3

I'm writing some python3 code using the ldap3 library and I'm trying to prevent LDAP-injection. The OWASP injection-prevention cheat sheet recommends using a safe/parameterized API(among other things). However, I can't find a safe API or safe method for composing search queries in the ldap3 docs. Most of the search queries in the docs use hard-coded strings, like this: 

conn.search('dc=demo1,dc=freeipa,dc=org', '(objectclass=person)')

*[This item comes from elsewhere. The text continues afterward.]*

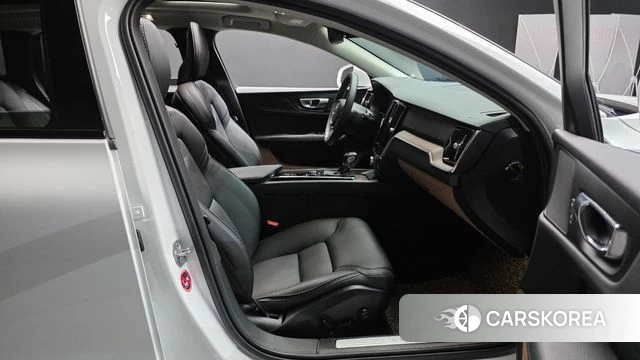 Volvo V60 Cross-Country 2nd Generation id 4882378 из Кореи 18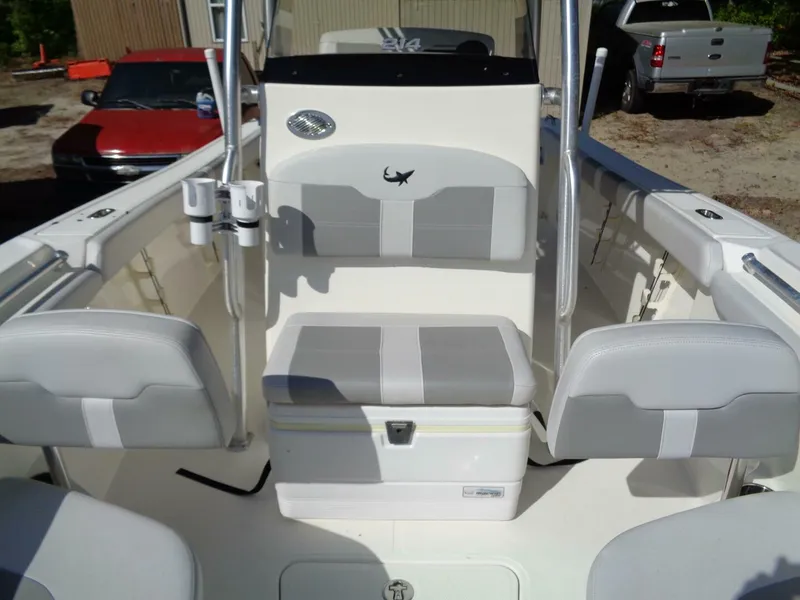 Slide: The Image of Mako 214 2020 - 5333272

and I'm trying to avoid the need to compose queries in a manner similar to this:

conn.search(search, '(accAttrib=' + accName + ')')

Additionally, there seems to be no mention of 'injection' or 'escaping' or similar concepts in the docs. Does anyone know if this is missing in this library altogether or if there is a similar library for Python that provides a safe/parameterized API? Or has anyone encountered and solved this problem before?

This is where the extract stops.